Comme vous rejetez pas l’empire comme nous, les impérialistes, c’est vous. Les fachosphériques ont de fait tout inversé. Ils nous présentent Dresde 1945 comme si c’était Berlin 1931. Pauvre de nous, nous sommes des dupes intoxiquées et endormies par une démocratie menteuse et une culture de masse sciemment dévoyée et qui nous manipule. Hitler est un brillant économiste désormais, vous saviez pas? Il était le seul à avoir su tenir tête à Wall Street et il a payé pour. La guerre s’est pas fait contre lui mais pour ses ennemis, pour ainsi dire. Lui aussi, il est la victime, dans toute cette grosse affaire distordue du siècle dernier. Tout s’inverse et, en cela, la fachosphère contemporaine est bien l’indice purulent, le symptôme malodorant mais crucialement loquace et lancinant de la déliquescence de tout ce cadre de représentations jovialiste et prospériste des Trente Glorieuses qui ne reviendront plus et dont plus personne ne veut. Le summum de la conceptualisation victimaire des fachosphériques, c’est le fameux phénomène du rouge-brun. Criss-cross! Marx est un penseur fasciste et le Front National est le plus grand parti de gauche de France. Vous le saviez pas? Vous saviez pas que c’est ça, désormais, la seule façon valide de penser l’impérialisme? Ce n’est pas la production capitaliste mondiale qui est en crise. Ce n’est pas la baisse tendancielle du taux de profit qui continue de se déployer. Non, non, C’est l’empire qui panique devant le retour des vraies valeurs… et comme vous rejetez pas l’empire comme nous le faisons, eh bien, les impérialistes, c’est vous.

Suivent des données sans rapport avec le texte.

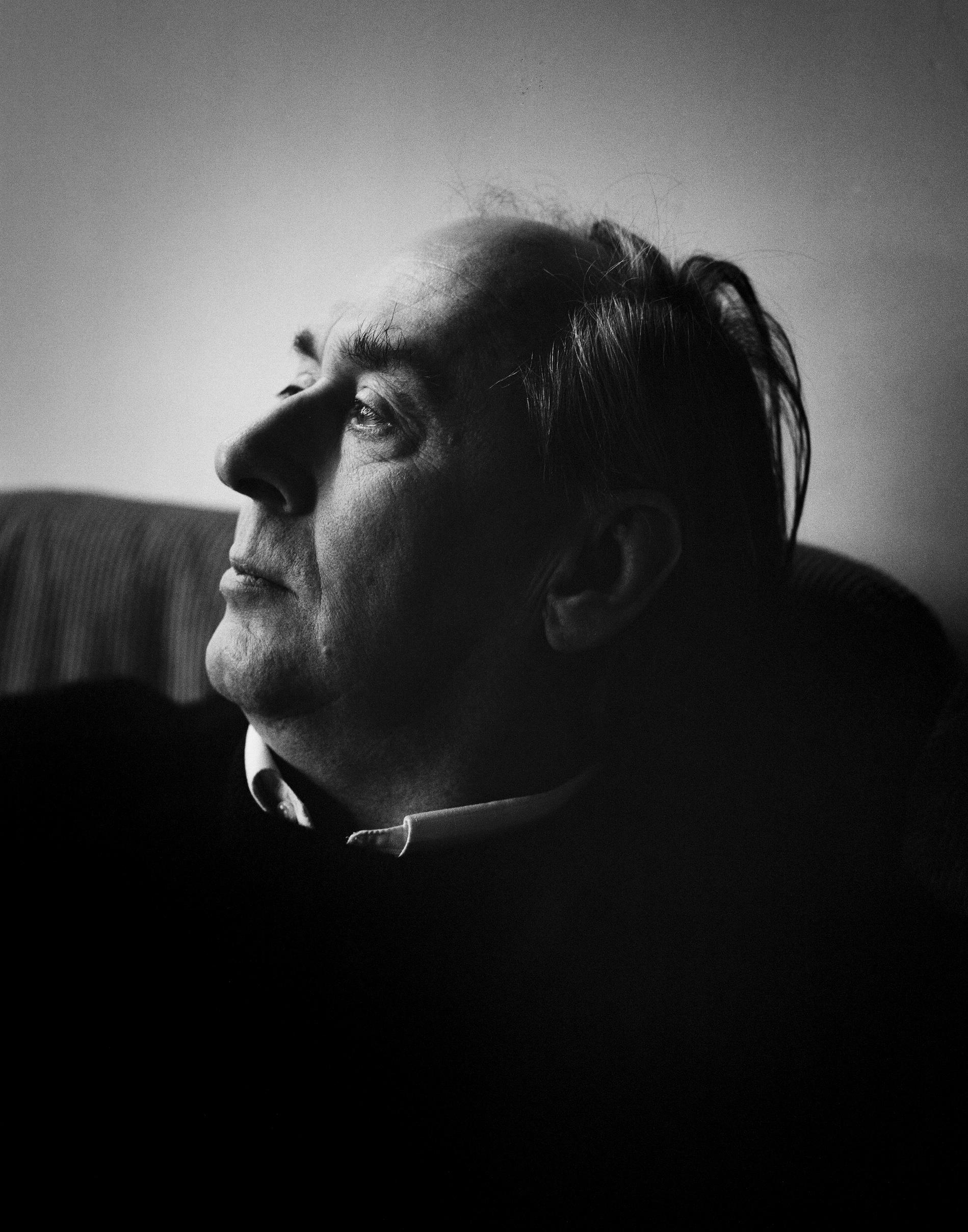 The late author J.G. Ballard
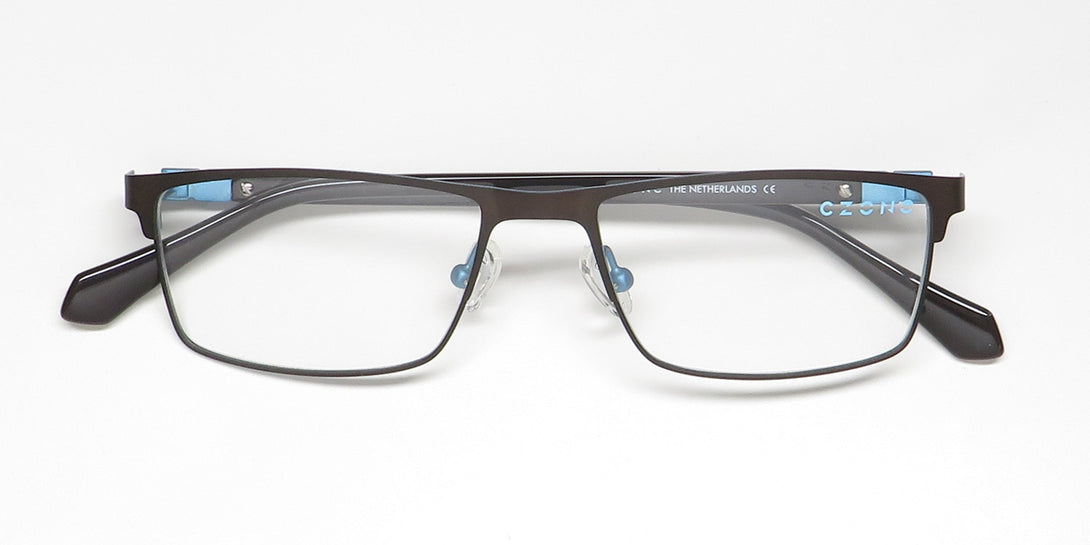 Color_dark brown / light blue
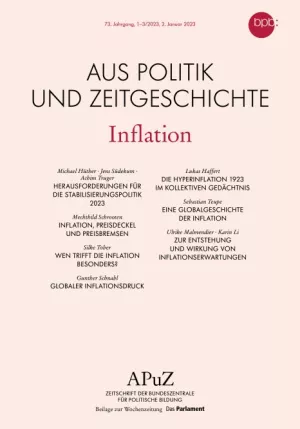 Text: Inflation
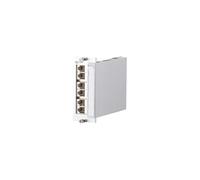 Metz Connect E-DAT modul 6x8(8) Panneau de brassage Cat.6A ; 3UH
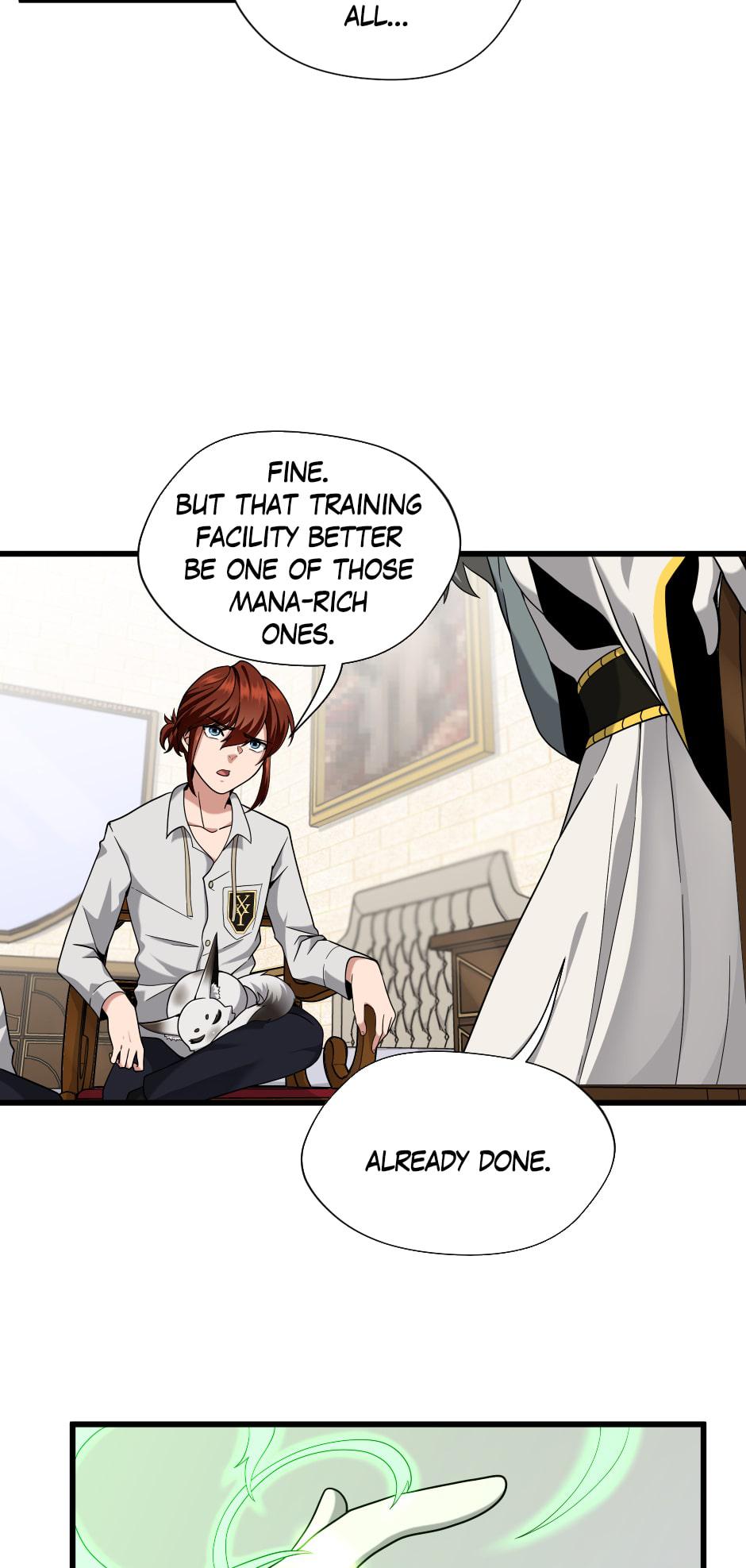 The Beginning After the End Chap 89 - Next Chap 90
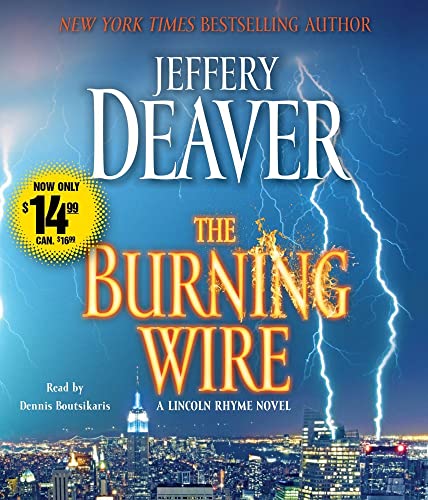 9781442350182: The Burning Wire: A Lincoln Rhyme Novel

Que faire? Donc le nouveau dialogue cyber-classique contemporain du débat politique c’est ceci: un fachosphérique onctueux, larmoyant et victimoïde traite d’étroit d’esprit et de brutal un gars ordinaire juste parce qu’il ose être atterré par la résurgence brune. De la rationalité inversée à son meilleur. Alors que faire? Simple. Ne pas les victimiser plus et, surtout, répondre un peu, juste un petit peu, pas trop non plus. Les faire parler, surtout, bien parler, tout vomir, tout éructer. Qu’ils sortent du cyber-maquis et s’exposent un tantinet, qu’on médite. Il faut les amener à extirper leurs idées du brouillard victimaire. Qu’on nous la livre plus clair, plus net, la doctrine dure, la pensée bleue acier et noir charbon, dans sa raideur simplette et sa limpidité inoriginale. On la perd un peu, dans tout ce ballet de pixels et de courriels et c’est pourtant elle qui doit reprendre le dessus, la pensée, l’analyse sociopolitique du monde contemporain. Dis-moi, petit fachosphérique, dis-moi quels sont tes angles de vue, tes options, tes maîtres, tes points doctrinaux, tes bailleurs de fonds, ton programme. Comme la pose victimaire est le seul élément un peu nouveau du corps conceptuel fachosphérique, c’est à elle qu’il ne faut pas laisser reprendre corps et envahir tout le champ. Tu n’es pas une victime, mon facho. Tu es un indice et, de par cela, tu es interlocutif et, oui, je l’affirme, tout en m’en affligeant, c’est la faillite de l’époque qui parle à travers toi. Parle donc. Cesse de te lamenter dans le sous-entendu lourdingue et de faire de l’ad hominem et des procès d’intention à rallonges. Expose-le, ton contenu. Laisse lentement sortir la bête nuisible du lagon des ambivalences interactionnelles. Ce gros poisson, pourquoi tu le noies? Il faut qu’on la voie bien au clair, qu’on la contemple ouvertement, cette conception crépusculaire, indicative, nuisible, nocive et surtout, ancienne, dépassée, tellement ancienne, dépassée, vermoulue et démodé que cela l’aide à terriblement revenir à la mode auprès de la courte mémoire de nos politicards hagards qui s’égarent et de leurs thuriféraires infantiles et minables…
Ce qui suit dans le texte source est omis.